▼▼▼

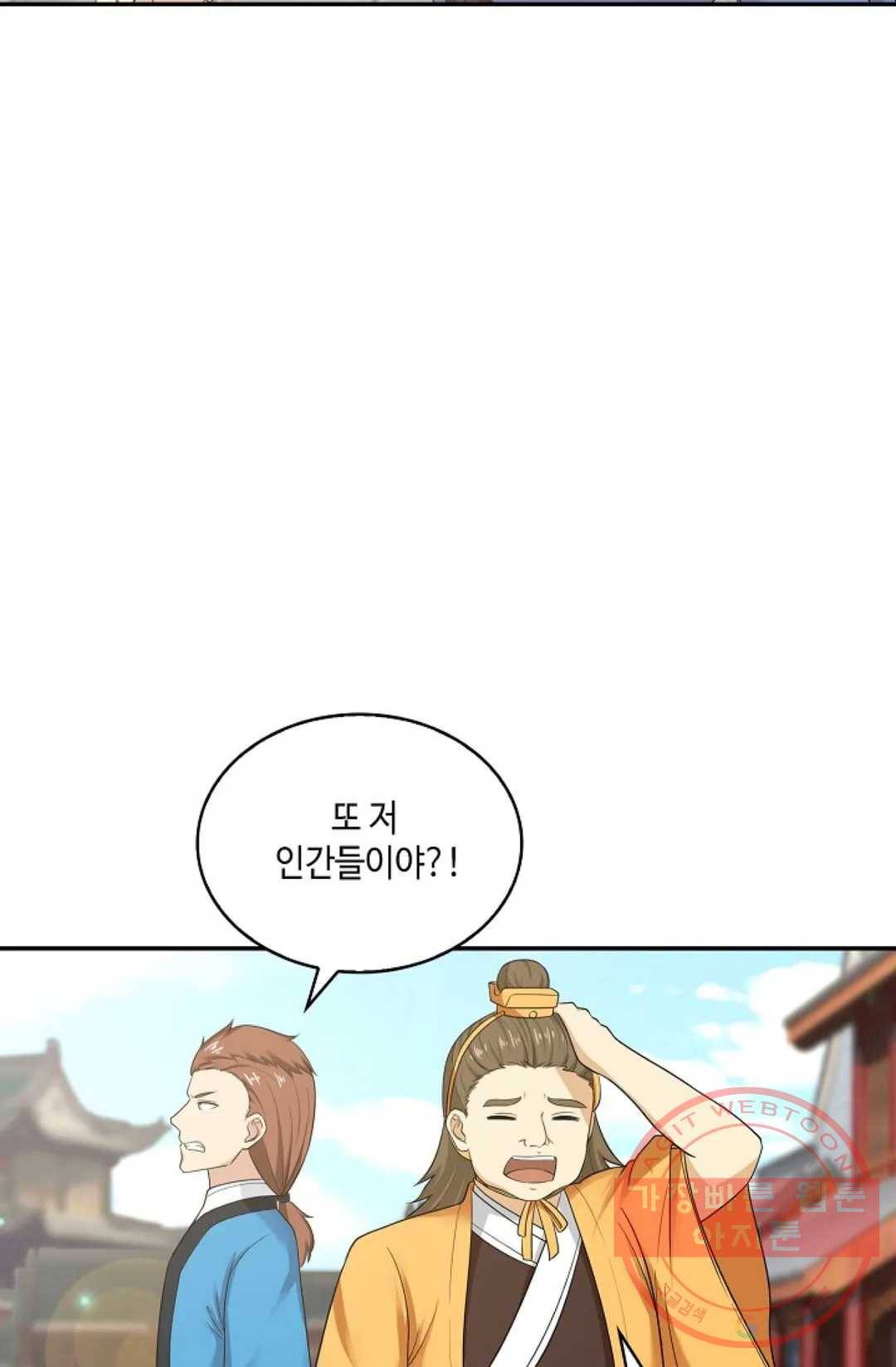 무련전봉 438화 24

▲▲▲
▼▼▼

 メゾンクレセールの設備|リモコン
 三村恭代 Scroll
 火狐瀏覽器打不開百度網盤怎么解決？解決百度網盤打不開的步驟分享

▲▲▲
▼▼▼

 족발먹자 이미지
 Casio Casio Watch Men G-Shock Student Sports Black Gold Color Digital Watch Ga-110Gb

▲▲▲

What to work on:
Copy the stretch of the records above that runs from the line with "三村恭代 Scroll" through the line with "火狐瀏覽器打不開百度網盤怎么解決？解決百度網盤打不開的步驟分享". Both end lines belong in the copy, and nothing else does.

Exercise answer:
 三村恭代 Scroll
 火狐瀏覽器打不開百度網盤怎么解決？解決百度網盤打不開的步驟分享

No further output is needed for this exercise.